Encryption in Transit, Encryption at Rest, PKI, and Certificates
Key Takeaways
- Encryption in transit protects data while it crosses a network; encryption at rest protects stored data.
- Symmetric encryption is efficient for bulk data, while asymmetric encryption supports key exchange, signatures, and identity validation.
- PKI uses certificate authorities, certificates, public keys, private keys, and trust chains to support secure communication.
- Certificates should be validated for name, expiration, issuing CA, trust path, and revocation status.
- Network+ questions usually focus on where encryption is used and what problem a certificate or key solves.
Encryption, PKI, and Certificates
Network security often starts with a simple question: what data needs protection, and where is it exposed?

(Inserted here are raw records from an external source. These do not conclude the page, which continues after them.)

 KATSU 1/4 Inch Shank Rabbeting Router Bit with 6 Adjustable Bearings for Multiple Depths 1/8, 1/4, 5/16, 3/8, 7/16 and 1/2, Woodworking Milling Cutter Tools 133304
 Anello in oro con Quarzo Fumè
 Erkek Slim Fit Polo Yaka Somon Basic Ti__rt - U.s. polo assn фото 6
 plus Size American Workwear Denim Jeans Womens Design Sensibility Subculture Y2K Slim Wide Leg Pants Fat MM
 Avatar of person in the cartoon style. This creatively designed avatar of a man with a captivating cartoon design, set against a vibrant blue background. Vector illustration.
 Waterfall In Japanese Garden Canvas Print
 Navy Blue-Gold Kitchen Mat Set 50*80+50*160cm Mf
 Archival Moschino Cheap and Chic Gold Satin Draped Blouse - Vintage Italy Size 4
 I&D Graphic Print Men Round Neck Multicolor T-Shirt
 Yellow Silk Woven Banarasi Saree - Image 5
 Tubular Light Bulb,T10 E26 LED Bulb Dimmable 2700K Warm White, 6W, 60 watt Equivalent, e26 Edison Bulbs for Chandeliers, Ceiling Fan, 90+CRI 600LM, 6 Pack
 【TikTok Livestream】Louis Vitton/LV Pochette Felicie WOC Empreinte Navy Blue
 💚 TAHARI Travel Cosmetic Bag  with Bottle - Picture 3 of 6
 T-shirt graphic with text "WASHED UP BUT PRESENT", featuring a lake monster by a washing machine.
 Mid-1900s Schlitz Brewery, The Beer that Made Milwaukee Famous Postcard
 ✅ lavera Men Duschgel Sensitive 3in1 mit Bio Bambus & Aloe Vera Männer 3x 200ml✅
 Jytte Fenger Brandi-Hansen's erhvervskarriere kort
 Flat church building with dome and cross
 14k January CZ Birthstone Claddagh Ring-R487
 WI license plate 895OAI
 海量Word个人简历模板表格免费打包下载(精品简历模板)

Data in transit is exposed while it moves across wired, wireless, WAN, VPN, cloud, or Internet paths. Data at rest is exposed when it sits on a disk, database, file share, backup, mobile device, or removable storage.
Encryption in Transit and at Rest
| Protection target | Common examples | Primary goal |
|---|---|---|
| Data in transit | HTTPS, TLS, SSH, IPsec VPN, WPA3, secure email transport | Prevent eavesdropping and tampering while traffic moves |
| Data at rest | Full-disk encryption, database encryption, encrypted backups, encrypted object storage | Protect stored data if media, accounts, or systems are accessed improperly |
| Data in use | Memory, active application processing, live sessions | Usually handled by access control, application security, and endpoint protection |
In transit controls are visible in network design. Examples include HTTPS for web portals, SSH instead of Telnet for device administration, SNMPv3 instead of SNMPv2c for management polling, and IPsec or SSL/TLS VPNs for remote access.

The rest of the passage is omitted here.